Back from the Grave, Volume 9, released on LP in 2015, is the ninth installment in the Back from the Grave series of garage rock compilations.  Like all the entries in the series it was assembled by Tim Warren of Crypt Records.  As indicated in the subheading which reads "Raw Blastin' Mid 60s Punk," this collection consists of many songs which display the rawer and more aggressive side of the genre and are often characterized by the use of fuzztone-distorted  guitars and rough vocals.  In typical fashion, the set generally excludes psychedelic, folk rock, and pop-influenced material in favor of basic primitive rock and roll.

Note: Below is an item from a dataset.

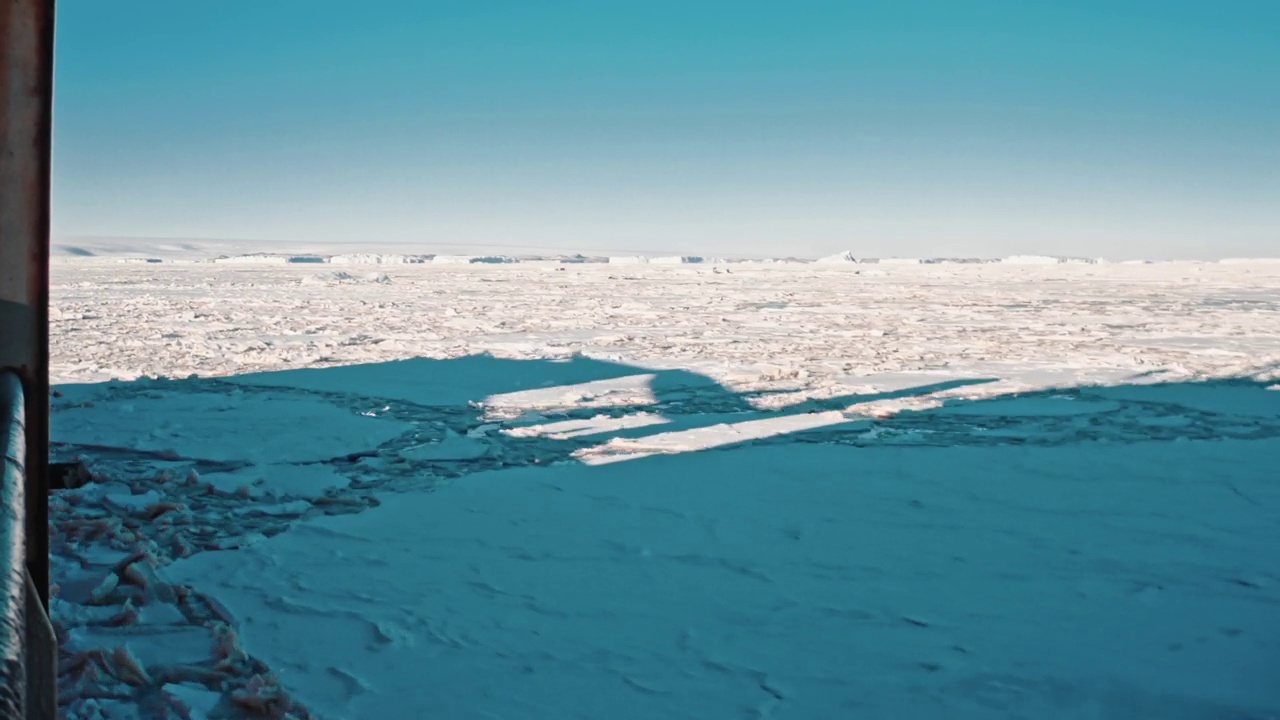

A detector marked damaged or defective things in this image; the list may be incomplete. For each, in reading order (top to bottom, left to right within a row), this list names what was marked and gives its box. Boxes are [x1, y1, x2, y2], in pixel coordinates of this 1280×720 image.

rusty metal pole [0, 0, 54, 609] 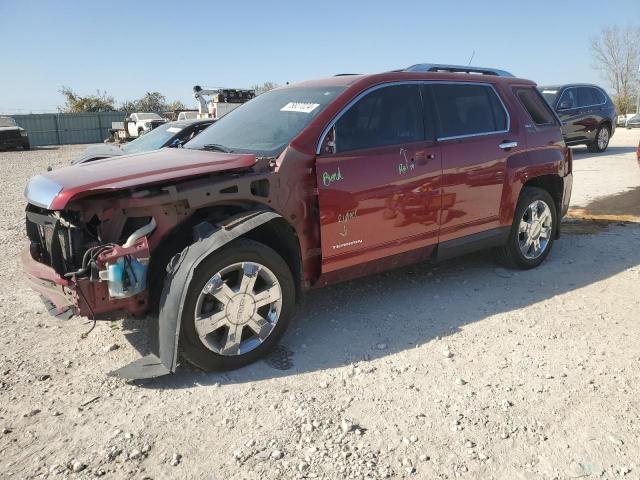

The packaging contains well-researched liner notes written by Chris Bishop of Garage Hangover.com  which convey basic information about each song and group, such as origin, recording date, and biographical sketches, as well as photographs of the bands.  The album cover artwork features a highly satirical cartoon by Olaf Jens depicting noticeably gleeful revivified zombies who, on this occasion, have returned from "rock and roll heaven" on "retro" flying saucers and are targeting their customary victims: followers of supposedly "heretical" genres of music which have come to prominence over the years, which in this case include heavy metal, hardcore punk (insinuating that it is not true punk), rap, and modern pop-country—all done with a noticeable disdain for iPhones, music downloads, and other popular specimens of current technology and fashion (i.e. "exposed undies"), but are presented as "minor figures" in Jens' Sistine Chapel-like diorama depicting a global TNT-blasted apocalypse initiated as a result of the zombies' cleansing in their quest to permanently re-establish the reign of "true" rock & roll.
     
The album begins with the driving protopunk of "Circuit Breaker," by the Pastels, from Pasco, Washington.  The High Spirits from Saint Louis Park, Minnesota, follow with  a version of the Zombies' "It's Alright With Me," which at midpoint shifts from a slow tempo accelerating in cadence, then rising to an organ-drenched climax consummated by a bee-sting guitar solo accompanied by cathartic screams.  The Emeralds from Greenwood, Indiana are featured on the gritty blues-based "Like Father Like Son," which recounts a woeful tale partially based on A Tale of Two Cities, by Victorian novelist Charles Dickens, in which the character Jerry Cruncher is a porter by day and a grave robber at night, whose lyrics snidely remark: "...my son goes to the church where they wear the black capes where you're taught not to have your fun..."  Also included is the 1965 demo acetate version of "It's a Cry'n Shame" by The Gentlemen, from Dallas, Texas.  Knoll Allen And The Noble Savages are heard on the highly primitive sexually-charged "Animal."  "No Room For Your Love," by the Starfyres, closes out the set.

Track listing

Side one

The Pastels: "Circuit Breaker"    
The High Spirits: "It's Alright with Me"    
The Warlocks: "Beware"    
The Emeralds: "Like Father Like Son"    
The Why-Nots: "Tamborine"    
The Turncoats: "Something Better"    
The Classics: "I'm Hurtin'"

Side two
The Raevins: "The Edge of Time"    
Lord Charles & The Prophets: "Don't Ask Me no Questions"    
The Gentlemen, "It's a Cry'n Shame"    
The Shakles: "Whizz #7"    
Unknown Artist: "When I Feel Better"    
Knoll Allen and the Noble Savages: "Animal"    
The Donshires: "Sad and Blue"    
The Starfyres: "No Room for Your Love"

Catalogue and release information

LP (Crypt, 2015)

Back from the Grave, Volumes 9 and 10 (CD)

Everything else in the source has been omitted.